Fig. 3: The performance comparison between ToxACoL and baseline models on small-sized acute toxic endpoints.

a, c, and e Average R2 of different models over 5-fold cross-validation on human-oral-TDLo, women-oral-TDLo, and man-oral-TDLo. Their significant differences were analyzed on the basis of a two-sided Student t-test. b, d, and f Acute toxicity estimation curves of ToxACoL for testing compounds at three human-related endpoints.
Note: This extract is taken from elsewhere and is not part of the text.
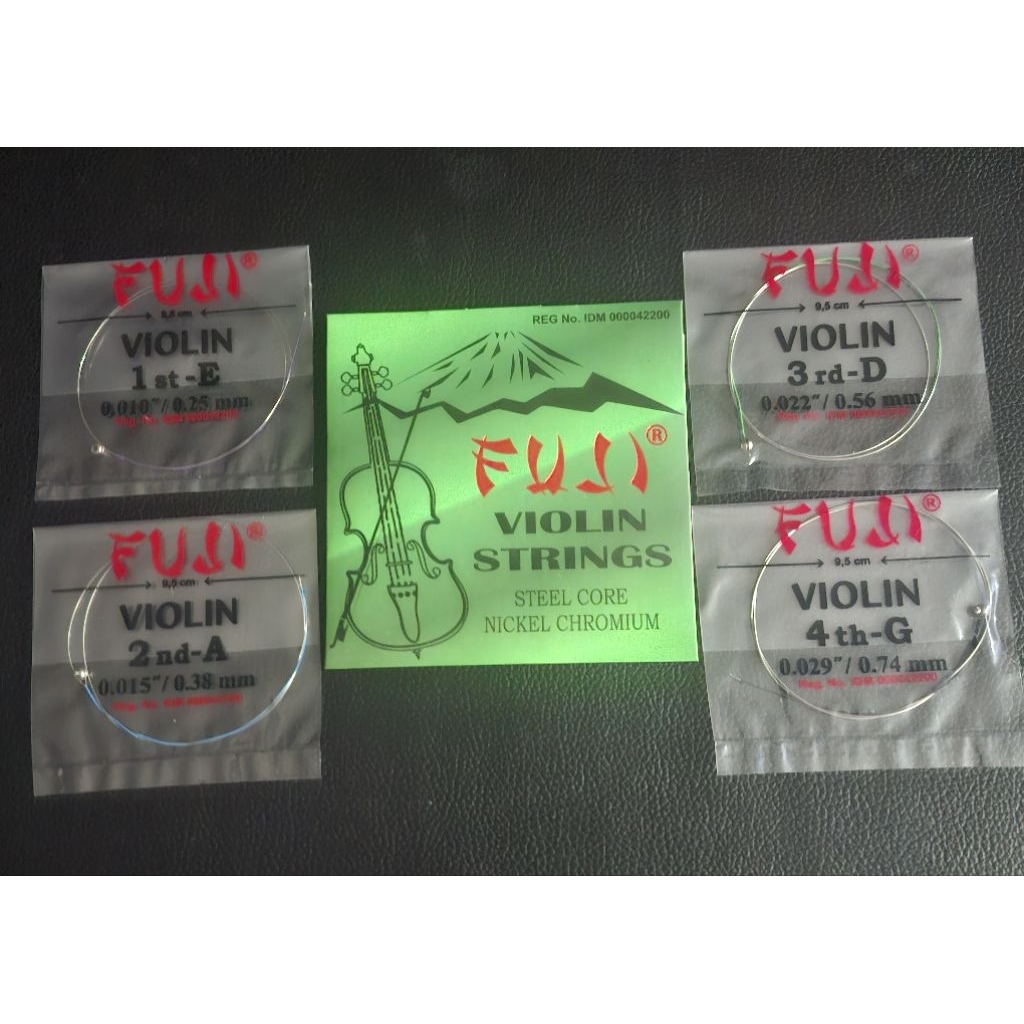 FUJI VIOLIN STRINGS INDIVIDUALLY รับประกันต้นฉบับ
Here, ToxACoL was trained using four folds of the whole toxicity dataset, and the testing compounds are all from the remaining one test fold. g Comparison between ToxACoL and advanced baseline methods on more small-sized endpoints. Taking the first subgraph for example, it considered the 4 endpoints (n = 4) with sample size of measurements <130, and so on for the following three subgraphs. The dots on the bar represent R2 values at single endpoints, and the bar with the error bar denotes the mean R2 value with standard deviation over the n small-sized endpoints (from left to right, n = 4, 8, 14, 21, respectively). h Comparison between ToxACoL and advanced baseline methods on 11 large-sized endpoints (n = 11). The bar with the error bar represents the mean R2 value with standard deviation over the 11 large-sized endpoints. Source data are provided as a Source Data file.